Response to WSJ Online Article: What Business Owners Should Know About NOT Patenting

Sometimes it is better for a business to NOT patent
Sometimes it is better for a business to NOT patent

Today, the Wall Street Journal Online published an article entitled “What Business Owners Should Know About Patenting“. In this article, Stuart Weinberg interviews James McDonough, an attorney at the well-respected Fish & Richardson law firm. Mr. McDonough gives excellent advice about the process of building an intellectual property portfolio.

However, he skips over a crucial first step–does building a patent portfolio really create long term value for your business? In many cases, the answer will clearly be “yes”. In many other cases, building a intellectual property portfolio could actually reduce or destroy your company’s asset value. By focusing his advice on the portfolio building step and later, Mr. Donough ignores the foundation on which your company should start the portfolio-building process.

First, an admission: I created a lot of value for myself and my law firm partners over the years by obtaining patents that did not ultimately create business value for my clients. I am not proud of this fact but, as a patent attorney, my job was to get a patent for a client if they thought they needed one. My job was not to tell them whether they needed a patent to support their business objectives. And, certainly if my client was willing to spend $10 – $30K for me to obtain a patent (which is the current cost estimated by Mr. McDonough), my assumption was that they had run the numbers and determined that a patent was a good spend for their business.
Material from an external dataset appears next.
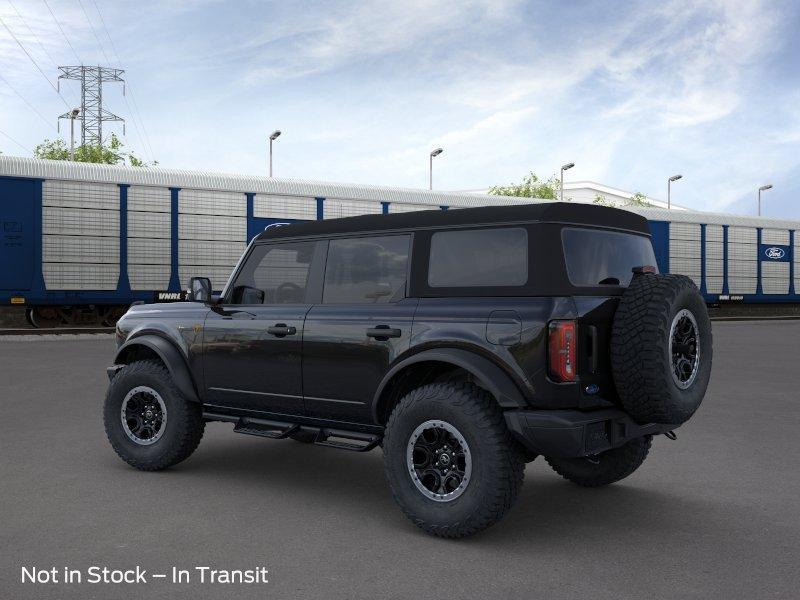 new 2024 Ford Bronco car, priced at $65,940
I now wear a different hat: as an Intellectual Property and Patent Business Strategy consultant (more info here: http://www.jackiehutter.com/), I do not create value for myself by billing clients on an hourly basis. Thus, I am able to look at intellectual property from a fundamentally strategic basis–does building an intellectual property portfolio create long term business value for my client? Unlike traditional patent attorneys, I can create value for myself by telling a client that they do not actually need a patent to maximize their business value. With all due respect to patent attorneys like Mr. McDonough, under the existing model of patent procurement, law firm patent attorneys cannot make a good living by saying “no”, even if it is the best business interests of their clients to do so.